I very nearly didn't press "Send" yesterday because I was worried I was
rushing it too much (in order to avoid forgetting it ;-) ). Should have
listened to myself!


> I'm a little curious about the exact race we're trying to solve.
> Calling unregister on an IO module before register even finished seems
> like an error on the caller, so I guess it would be calling register
> from a 2nd thread for a different IO module while the first thread was
> partway through unregistering? Even that seems awfully sketchy since
> you're risking registering a 2nd IO ops while the first is still there
> and that's illegal enough that we do a pr_err() for it (though we
> don't crash), but let's say we're trying to solve that one.

I didn't follow all the possible paths. Utlimately the
(un)register_callbacks() functions use a flag variable without a lock
and that can interact in lots of different ways.

To be honest none are especially likely because the normal case is to
register once during boot and never unregister. However we can trigger
register/unregister from userspace so I think they can happen
in parallel.

Double unregister can lead to some especially nasty schedules...
although they still remain pretty unlikely since we need the double
unregister to coincide with a breakpoint:


kgdb_unregister_callbacks() kgdb_unregister_callbacks()
. .
test flag .
set flag to 0 .
. test flag
. spin_lock()
*** kgdb trap *** .
. paranoid dbg_io_ops check .
. dbg_io_ops = NULL
. stop other CPUs
. try to use NULL dbg_io_ops


I have drawn the kgdb trap in the first column because otherwise things
get too wide but the trap could trigger on any CPU in the system and
provoke the problem.


>
> Looking at it closely, I _think_ the only race in this case is if the
> one we're trying to unregister had a deinit() function and we going to
> replace it?
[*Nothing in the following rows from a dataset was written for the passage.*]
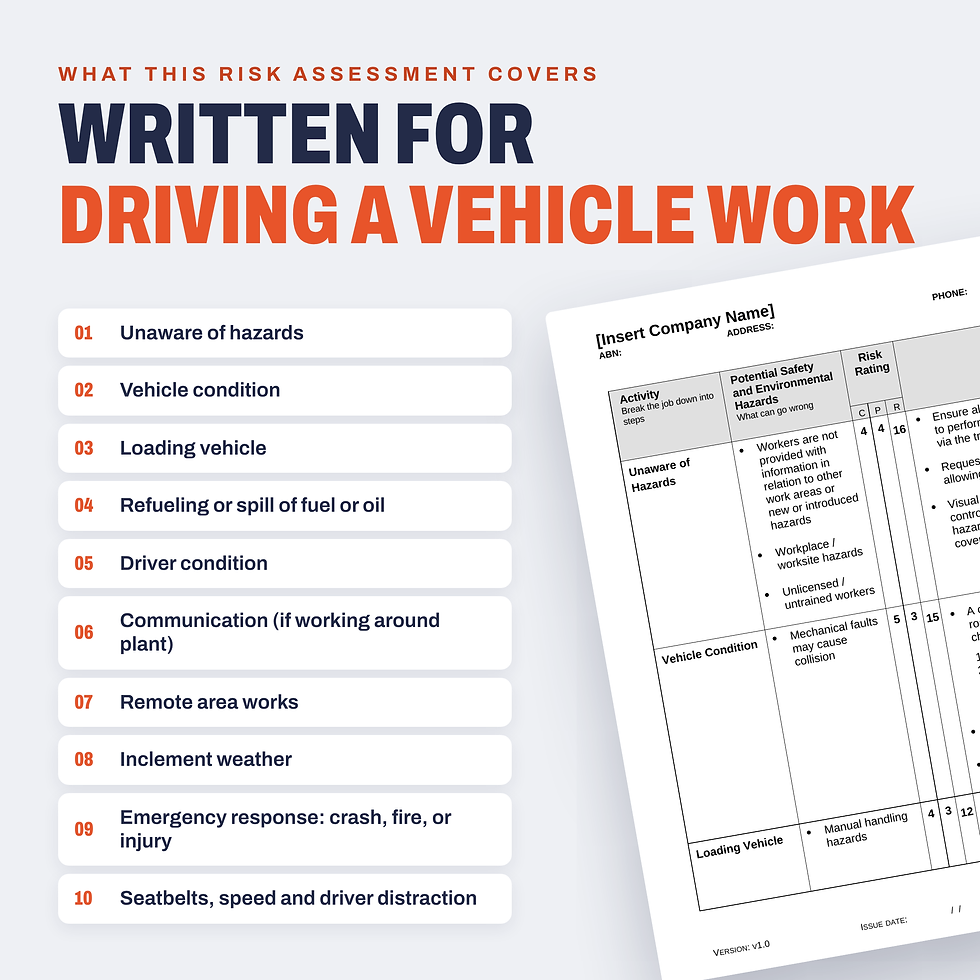 Work activities covered in the Driving a Vehicle Risk Assessment/JSA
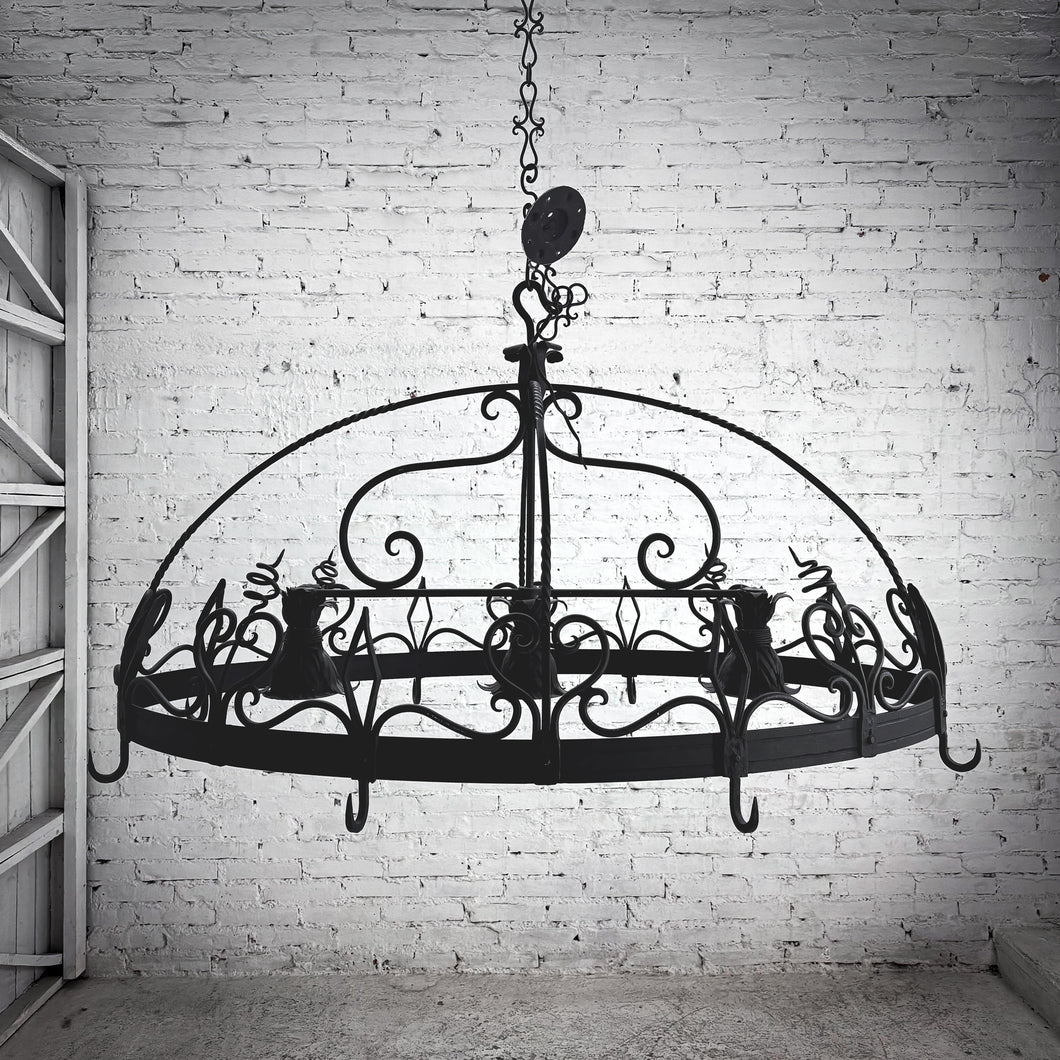 Spanish Colonial Dark Wrought Iron Chandelier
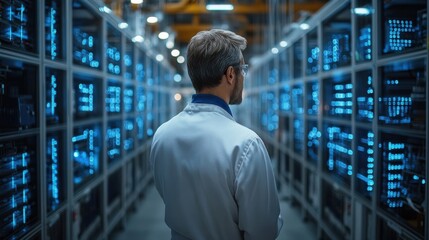 A man in a white lab coat stands in a server room, looking at rows of glowing servers.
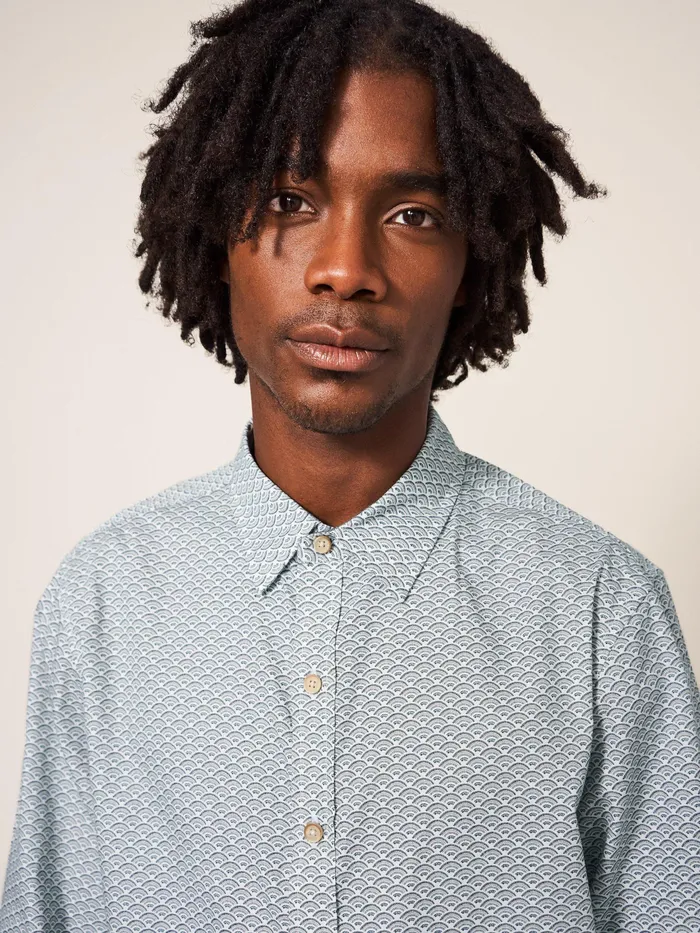 Men White Stuff Clothing Fan Geometric Printed Shirt Men White Stuff Clothing Fan Geometric Printed Shirt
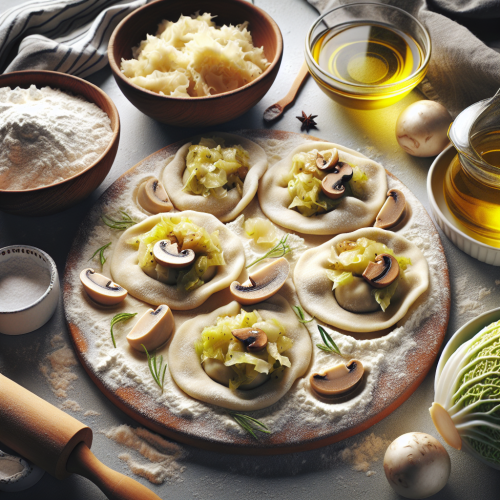 Bezglutenowe pierogi z kapustą i pieczarkami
If it didn't have a deinit function:
>
> cpu1 (unregister) cpu2 (register):
> ----------------- ----------------------
> kgdb_unregister_callbacks()
> spin_lock() <got>
> spin_lock() <blocked>
> if (old_dbg_io_ops) <true>
> if (has dinit) <false>
> print error
> spin_unlock()
> return -EBUSY
> <finish unregister>
>
> The above is fine and is the same thing that would happen if the
> whole register function ran before the unregister even started, right?
>
> Also: if the unregister won the race that should also be fine.
>
> So really the problem is this:
>
> cpu1 (unregister) cpu2 (register):
> ----------------- ----------------------
> kgdb_unregister_callbacks()
> spin_lock() <got>
> spin_lock() <blocked>
> if (old_dbg_io_ops) <true>
> if (has dinit) <true>
> print Replacing
> init new IO ops
> spin_unlock()
> if (old_dbg_io_ops) <true>
> finish deinit of old
> return true
> WARN_ON() <hits and shouts!>
> dbg_io_ops = NULL
> spin_unlock()
> if (deinit) <true>
> double-call to deinit of old
>
> So in this case we'll hit a WARN_ON(), incorrectly unregister the new
> IO ops, and call deinit twice.

To be honest I was simply working on "it is racy" and "there's not a
good reason to allow that", especially as we start to develop tools to
bring races to the surfaces someone will yell at us about it sooner or
later ;-).

Of course, implementing it correctly would have been better...


Daniel.